* **Exercise**
Check every line of the entries that follow, and copy the ones containing "Inch".

[Source records]
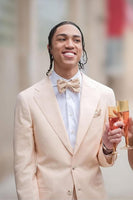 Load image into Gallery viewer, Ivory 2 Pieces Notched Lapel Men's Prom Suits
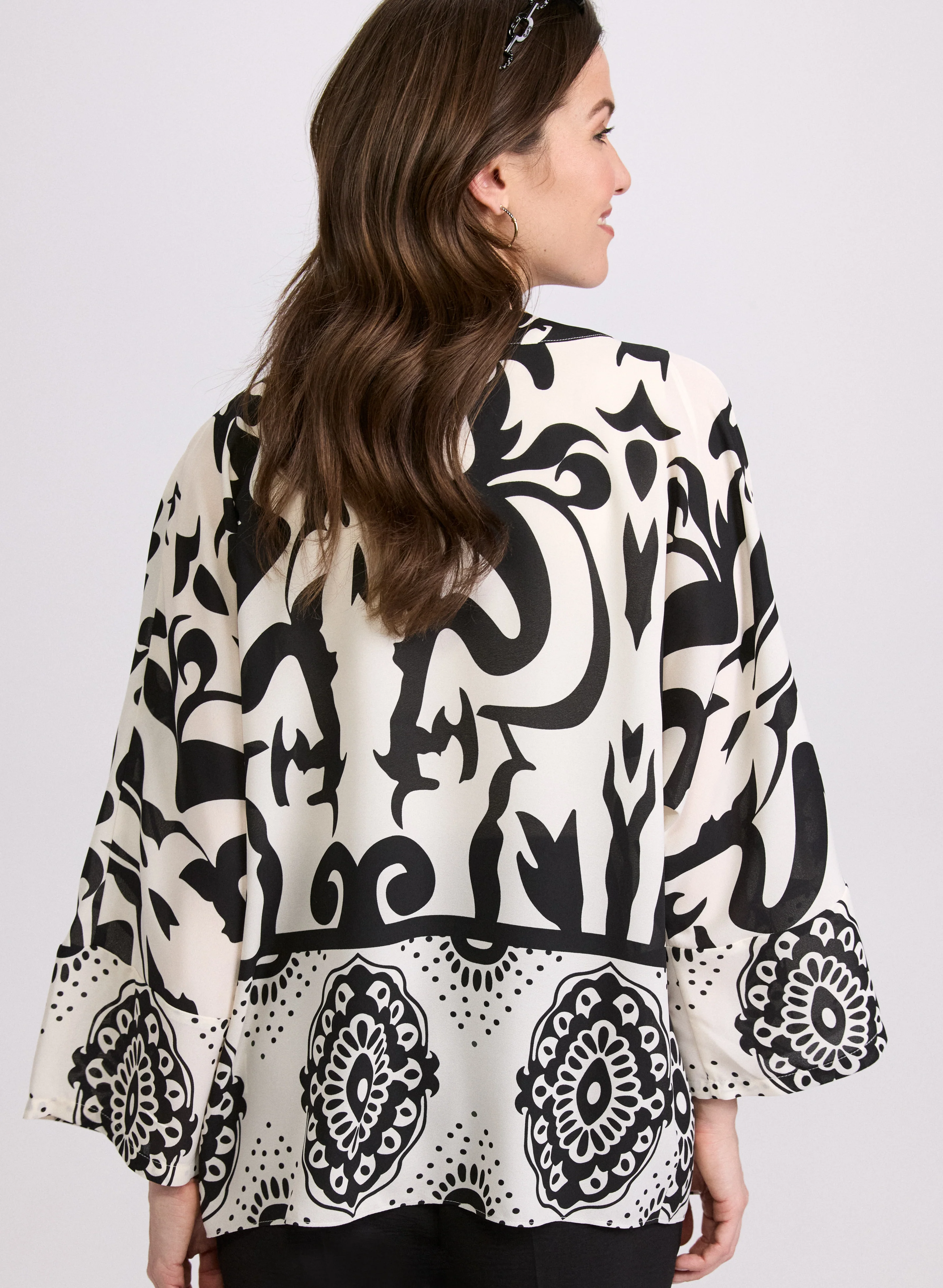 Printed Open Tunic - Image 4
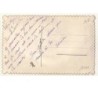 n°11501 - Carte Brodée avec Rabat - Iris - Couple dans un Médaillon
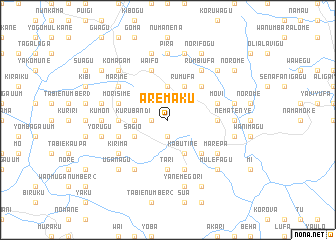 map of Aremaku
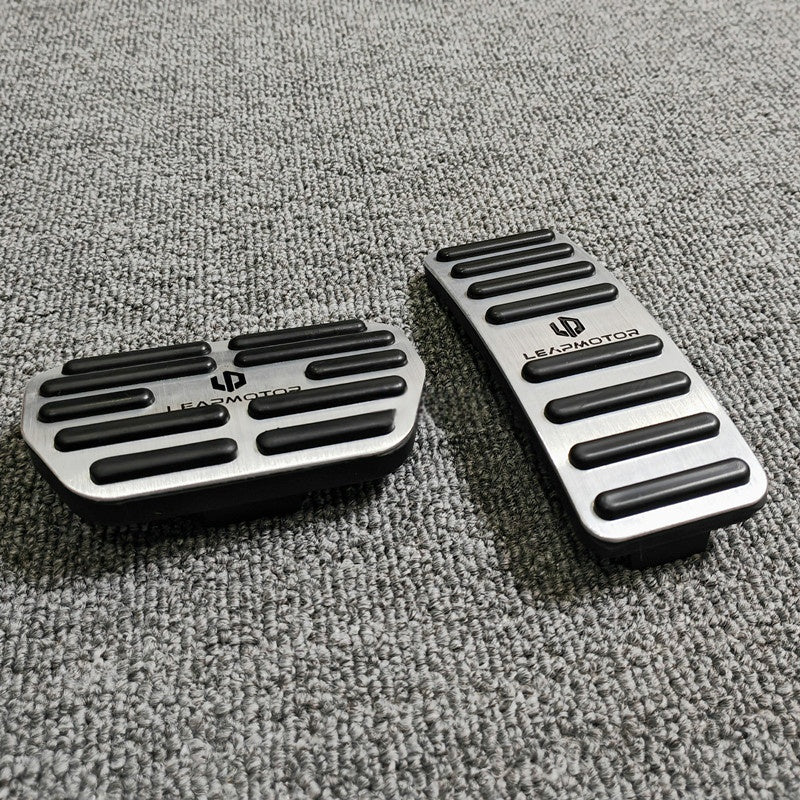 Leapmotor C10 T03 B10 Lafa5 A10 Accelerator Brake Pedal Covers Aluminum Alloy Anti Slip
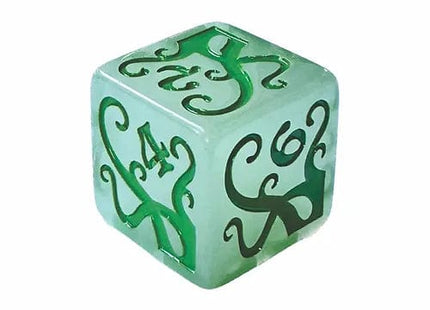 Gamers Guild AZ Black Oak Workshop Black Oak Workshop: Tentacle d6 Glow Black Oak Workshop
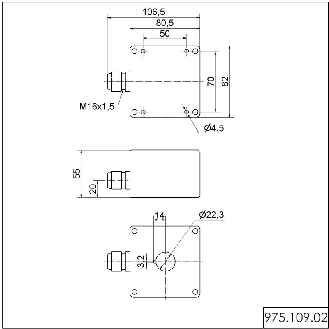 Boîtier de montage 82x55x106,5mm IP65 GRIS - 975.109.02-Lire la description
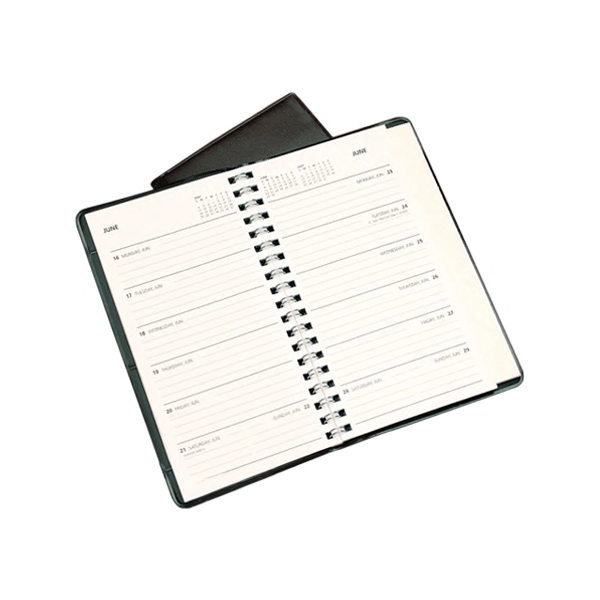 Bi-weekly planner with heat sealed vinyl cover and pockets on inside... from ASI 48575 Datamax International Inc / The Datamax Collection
* * *
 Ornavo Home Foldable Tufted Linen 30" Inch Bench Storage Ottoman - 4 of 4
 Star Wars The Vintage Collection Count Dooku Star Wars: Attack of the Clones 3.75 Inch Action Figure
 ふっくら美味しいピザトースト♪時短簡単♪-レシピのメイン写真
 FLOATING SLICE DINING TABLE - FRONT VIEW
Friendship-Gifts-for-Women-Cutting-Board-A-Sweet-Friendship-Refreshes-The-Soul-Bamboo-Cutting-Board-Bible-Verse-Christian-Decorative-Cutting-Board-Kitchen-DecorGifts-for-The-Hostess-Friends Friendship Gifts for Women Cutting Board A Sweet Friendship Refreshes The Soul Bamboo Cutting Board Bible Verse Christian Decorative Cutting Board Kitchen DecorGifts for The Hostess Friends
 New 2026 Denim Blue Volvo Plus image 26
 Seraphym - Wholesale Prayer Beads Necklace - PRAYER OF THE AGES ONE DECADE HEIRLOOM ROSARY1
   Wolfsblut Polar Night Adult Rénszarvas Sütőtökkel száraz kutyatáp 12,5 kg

* **Written response**
 Ornavo Home Foldable Tufted Linen 30" Inch Bench Storage Ottoman - 4 of 4
 Star Wars The Vintage Collection Count Dooku Star Wars: Attack of the Clones 3.75 Inch Action Figure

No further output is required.